Wouter Nijland creates three dimensional, geometric, oil paintings based on a set of rules determined by chance and coincidence. Using a playful yet rigid system based off x and y axis planes, the artist uses dice, coins, and marbles to codify and scale his compositions. The rules established for each painting also determine the application of the brushstroke and the border between shapes, as well as the polygonal shapes themselves. The monochromatic pigment in this series of paintings are in fact a mixture of approximately twelve different shades of primary colors. The heavily-mixed oil layers are thick, so one can follow the brushstrokes as they catch the light.

Claire Lieberman is a sculptor living and working in Illinois and New York City. She has exhibited at THE LAB, NYC; Seoul Art Center, South Korea; University of Alaska, Anchorage; Anderson Gallery; Virginia Commonwealth University, and MUDAC Museum; Lausanne, Switzerland. Her work has been included in Sculpture magazine, The New York Times, Art on Paper, and ARTnews. Lieberman has received awards from The Arctic Circle, Territory of Svalbard; National Endowment for the Arts; Cité Internationale des Arts, Paris; Yaddo; and MacDowell Colony. The artist attended the Boston Museum School (BFA) and Pratt Institute (MFA).
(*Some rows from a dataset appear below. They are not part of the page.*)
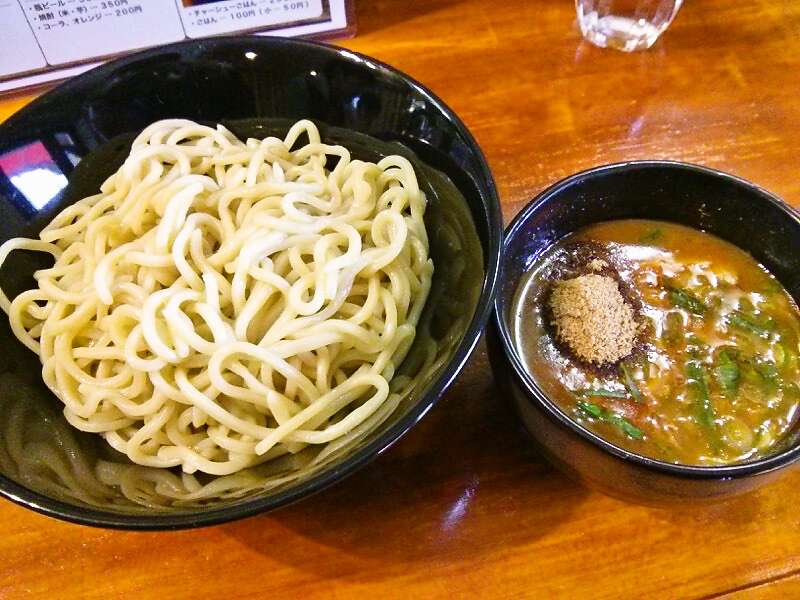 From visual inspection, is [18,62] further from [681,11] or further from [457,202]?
[681,11]

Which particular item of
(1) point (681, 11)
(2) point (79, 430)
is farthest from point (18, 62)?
(1) point (681, 11)

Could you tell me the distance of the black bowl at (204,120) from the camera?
95 cm

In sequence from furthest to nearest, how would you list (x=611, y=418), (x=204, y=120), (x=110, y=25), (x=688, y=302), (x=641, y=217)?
(x=110, y=25)
(x=204, y=120)
(x=641, y=217)
(x=688, y=302)
(x=611, y=418)

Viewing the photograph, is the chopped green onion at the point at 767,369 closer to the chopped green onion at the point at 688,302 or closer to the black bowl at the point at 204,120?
the chopped green onion at the point at 688,302

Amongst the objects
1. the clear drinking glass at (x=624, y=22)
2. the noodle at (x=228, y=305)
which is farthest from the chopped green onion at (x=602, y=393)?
the clear drinking glass at (x=624, y=22)

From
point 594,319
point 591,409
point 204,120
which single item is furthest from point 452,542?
point 204,120

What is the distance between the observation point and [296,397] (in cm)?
102

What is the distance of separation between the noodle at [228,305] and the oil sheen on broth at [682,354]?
8.8 inches

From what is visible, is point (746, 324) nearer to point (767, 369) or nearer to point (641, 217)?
point (767, 369)

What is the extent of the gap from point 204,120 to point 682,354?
934mm

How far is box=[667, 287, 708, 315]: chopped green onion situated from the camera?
106 centimetres

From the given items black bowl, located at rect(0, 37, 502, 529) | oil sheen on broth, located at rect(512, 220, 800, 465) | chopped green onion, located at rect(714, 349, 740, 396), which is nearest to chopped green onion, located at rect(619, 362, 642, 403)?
oil sheen on broth, located at rect(512, 220, 800, 465)

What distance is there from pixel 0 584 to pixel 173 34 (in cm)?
121

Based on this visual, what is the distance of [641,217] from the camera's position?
117 centimetres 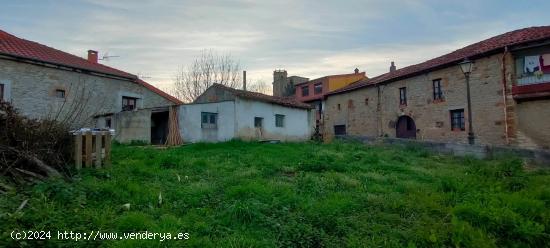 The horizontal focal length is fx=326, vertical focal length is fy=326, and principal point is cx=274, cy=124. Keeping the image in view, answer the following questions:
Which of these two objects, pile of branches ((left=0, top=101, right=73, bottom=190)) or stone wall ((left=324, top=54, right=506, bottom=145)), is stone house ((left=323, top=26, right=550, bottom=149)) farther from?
pile of branches ((left=0, top=101, right=73, bottom=190))

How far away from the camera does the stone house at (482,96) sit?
16.5 m

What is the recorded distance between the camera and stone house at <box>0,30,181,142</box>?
1419 cm

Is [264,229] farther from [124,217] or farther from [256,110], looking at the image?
[256,110]

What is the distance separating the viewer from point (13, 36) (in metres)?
16.7

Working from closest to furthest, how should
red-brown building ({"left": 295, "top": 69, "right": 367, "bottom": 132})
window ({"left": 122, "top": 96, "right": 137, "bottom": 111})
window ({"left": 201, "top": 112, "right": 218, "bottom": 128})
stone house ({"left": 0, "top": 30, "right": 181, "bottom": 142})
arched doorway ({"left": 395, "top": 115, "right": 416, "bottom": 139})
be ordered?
stone house ({"left": 0, "top": 30, "right": 181, "bottom": 142}), window ({"left": 201, "top": 112, "right": 218, "bottom": 128}), window ({"left": 122, "top": 96, "right": 137, "bottom": 111}), arched doorway ({"left": 395, "top": 115, "right": 416, "bottom": 139}), red-brown building ({"left": 295, "top": 69, "right": 367, "bottom": 132})

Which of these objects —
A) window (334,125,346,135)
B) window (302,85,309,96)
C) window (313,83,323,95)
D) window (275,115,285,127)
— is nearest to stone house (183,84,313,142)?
window (275,115,285,127)

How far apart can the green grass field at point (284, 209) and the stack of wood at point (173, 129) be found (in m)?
8.44

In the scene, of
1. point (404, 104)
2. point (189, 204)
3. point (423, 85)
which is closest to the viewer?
point (189, 204)

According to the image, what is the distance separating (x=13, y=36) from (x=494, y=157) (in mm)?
22754

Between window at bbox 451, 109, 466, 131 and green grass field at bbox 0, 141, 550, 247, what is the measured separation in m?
12.2

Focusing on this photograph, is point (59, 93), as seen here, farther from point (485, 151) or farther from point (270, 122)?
point (485, 151)

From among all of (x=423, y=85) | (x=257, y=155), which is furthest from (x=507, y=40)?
(x=257, y=155)

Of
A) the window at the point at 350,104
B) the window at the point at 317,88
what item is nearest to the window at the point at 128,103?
the window at the point at 350,104

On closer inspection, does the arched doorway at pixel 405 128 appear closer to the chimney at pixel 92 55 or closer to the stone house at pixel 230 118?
the stone house at pixel 230 118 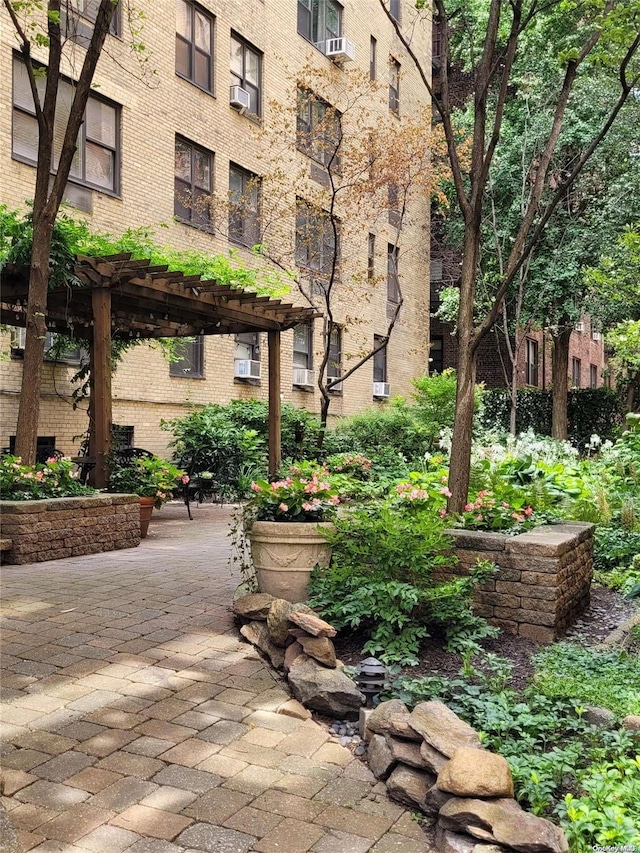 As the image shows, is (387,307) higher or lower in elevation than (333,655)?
higher

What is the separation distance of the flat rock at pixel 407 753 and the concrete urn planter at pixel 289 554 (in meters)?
2.01

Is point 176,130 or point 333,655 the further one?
point 176,130

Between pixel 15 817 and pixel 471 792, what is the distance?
168 centimetres

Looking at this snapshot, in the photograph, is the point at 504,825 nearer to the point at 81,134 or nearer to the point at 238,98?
the point at 81,134

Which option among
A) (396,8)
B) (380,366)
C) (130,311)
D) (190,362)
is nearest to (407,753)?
(130,311)

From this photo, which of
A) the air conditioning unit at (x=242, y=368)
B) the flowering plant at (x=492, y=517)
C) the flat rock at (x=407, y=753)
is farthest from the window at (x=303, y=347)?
the flat rock at (x=407, y=753)

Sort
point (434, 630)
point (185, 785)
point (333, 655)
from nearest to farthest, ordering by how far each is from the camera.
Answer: point (185, 785)
point (333, 655)
point (434, 630)

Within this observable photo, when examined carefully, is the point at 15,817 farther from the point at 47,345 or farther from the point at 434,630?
the point at 47,345

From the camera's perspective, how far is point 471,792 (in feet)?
9.29

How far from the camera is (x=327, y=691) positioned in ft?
12.8

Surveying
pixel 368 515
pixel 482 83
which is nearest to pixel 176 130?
pixel 482 83

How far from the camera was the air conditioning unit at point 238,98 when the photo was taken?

Kate McQuillen lives and works in Brooklyn. She has exhibited at the Utah Museum of Contemporary Art, Geoffrey Young Gallery, O’Born Contemporary, and The Comfort Station, Chicago. She has been the recipient of grants from the Illinois Arts Council and the City of Chicago Department of Cultural Affairs and Special Events, among others. Writings about her work have been included in such news outlets as the Chicago Tribune, Greenpointers, Art in Print, Printeresting, New City, The Chicago Reader, and Hyperallergic, and in publications by the Poetry Foundation, Columbia College Chicago and Rutgers University.

Wouter Nijland is a Dutch artist living and working in the Netherlands. He has exhibited extensively throughout the Netherlands and Europe. His work has been included in the New York Times. He received his BFA at the Fine Art Minerva Academy in Groningen, Netherlands.